Hey @codinghorror, re. table syntax specifically here’s the relevant discussion: https://talk.commonmark.org/t/parsing-strategy-for-tables/2027 , I came up with an interpretation of the spec that at least put my own mind at ease re backslash-escaping in https://talk.commonmark.org/t/parsing-strategy-for-tables/2027/7 , this thread is pretty old and I haven’t actively thought about the issue since then so if you have a more specific question please ask away

Re (composable) extensions, it’s a thorny subject One interesting question is whether one wants to solve the problem of composing extensions from multiple sources, as the parsing process requires knowledge of whether a given node type in the AST can be contained by / contain another node type.

In any case, guaranteeing that any extension is compatible with any other one is not feasible, as two extensions may want to interpret the same character for two different purposes. All the extension system could strive for is detecting such conflicts at runtime, my extension system doesn’t implement that, but as syntax extensions are expected to register special characters it might be implementable.
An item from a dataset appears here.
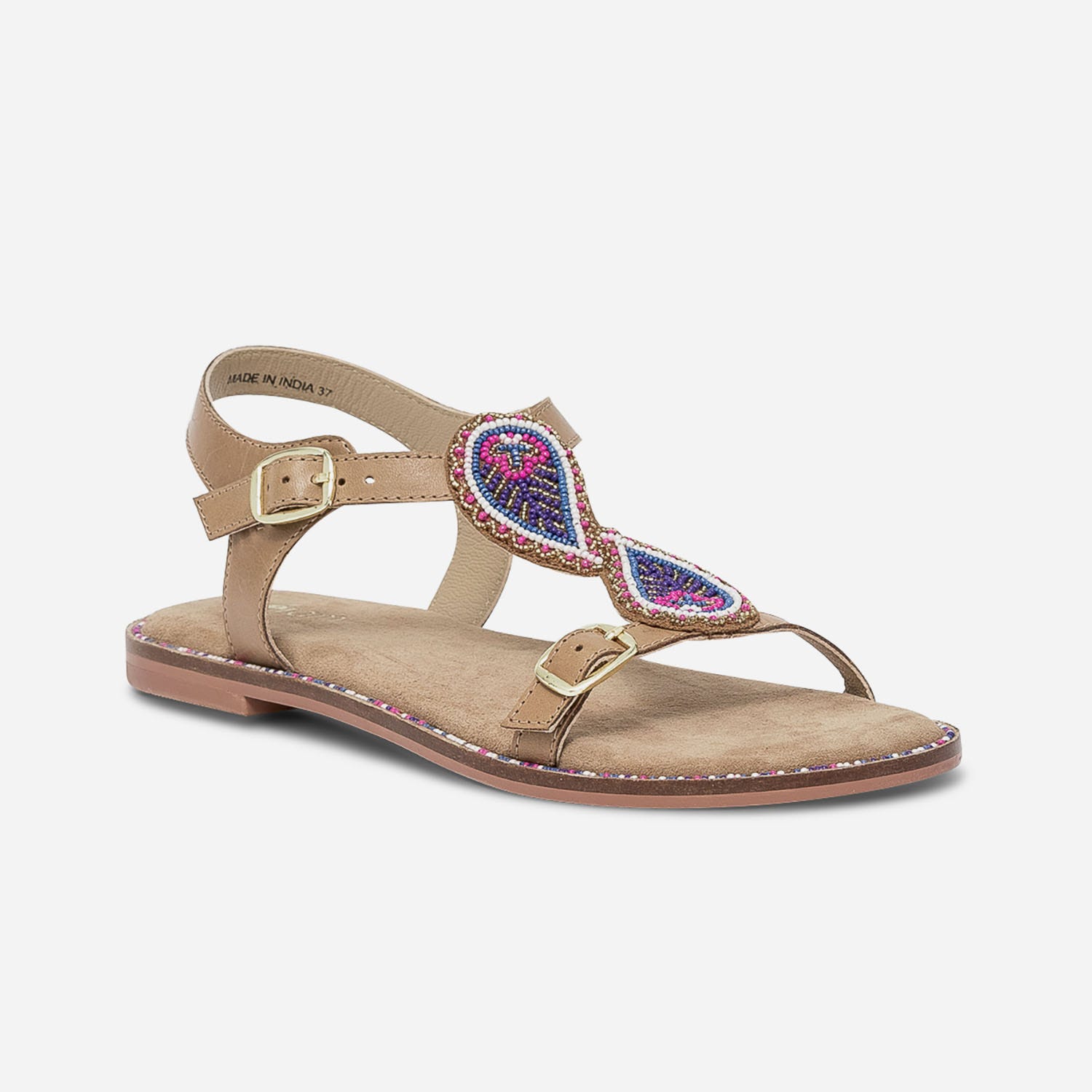 Sandale camel en cuir à plastron perlé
The more pragmatic approach, which is in effect what github uses my extension system for, is to consider that extensions can only be used as part of a “distribution”, ie you have the core implementation and a finite set of syntax extensions, which know about each other at compile-time.

jgm · December 7, 2020, 6:14pm

My counter-argument is as follows:

The CommonMark specification is a specification of CommonMark, not specification of HTML. Unlike in HTML, in GFM-like tables, the cell separators actually IMHO behave more like inline marks, not block marks. They don’t allow to specify any multi-line contents, do they?

Currently not. But it would be desirable to support multiline and block-level content in table cells in the future, and there have been some proposals about how this might be donee

Also, I believe we don’t really need to do any inline analysis for the pipes in most lines to determine whether to start a table or not: The 2nd table line (i.e. underline of the table header) is imho specific enough to be used as an indicator of a table. And for that line you don’t really need full inline analysis either, you can specify it similarly as a Setext underline is specified.

It’s not just a question of recognizing when you have a table. It’s also a question of splitting the cells in each row. For that you need to be able to distinguish pipes that serve as separators from pipes in other inline contexts (code spans, math, etc.).

But I do agree that it would be possible to treat | an inline element called a “cell separator” that would have a context-sensitive meaning: in a paragraph it would simply render as a literal |, and in a table row it would split cells. This approach would require making tables a part of the core spec (which is not a problem really). This is certainly an approach worth considering.